■ **Supplied data**
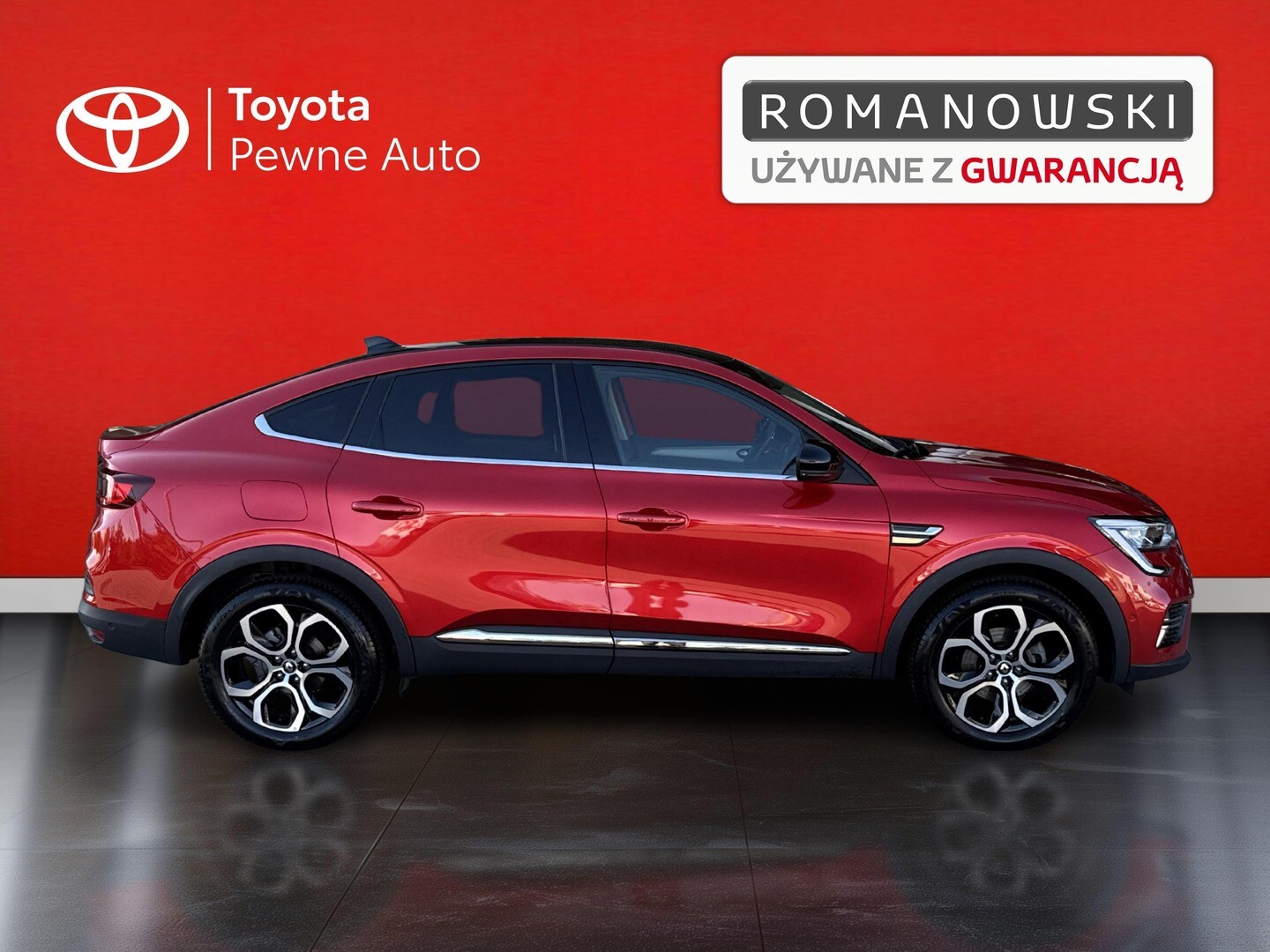Renault Arkana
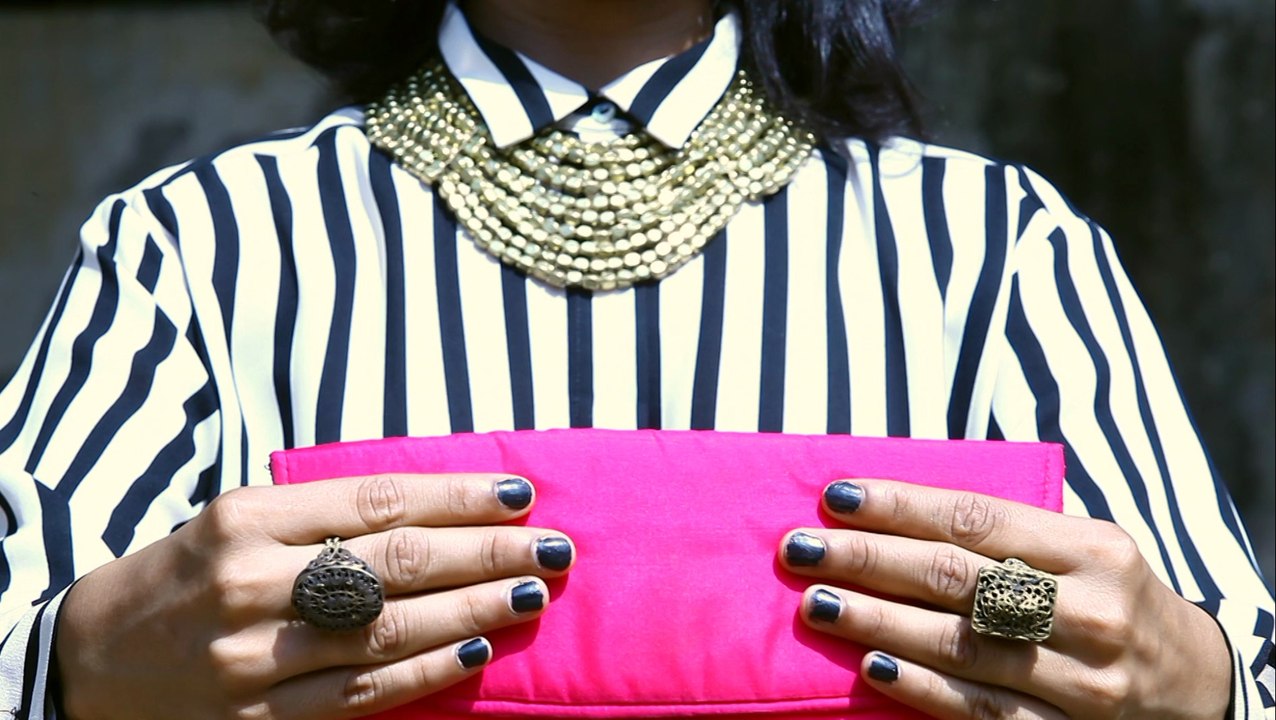 How to dress up for a fun night out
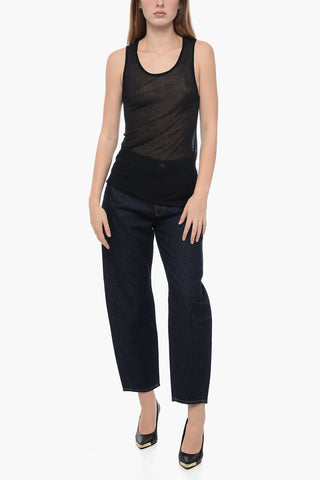 See-through Tank Top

■ **Your goal**
The material above is to be transcribed exactly, with its images omitted.

■ **The answer**
Renault Arkana
 How to dress up for a fun night out
 See-through Tank Top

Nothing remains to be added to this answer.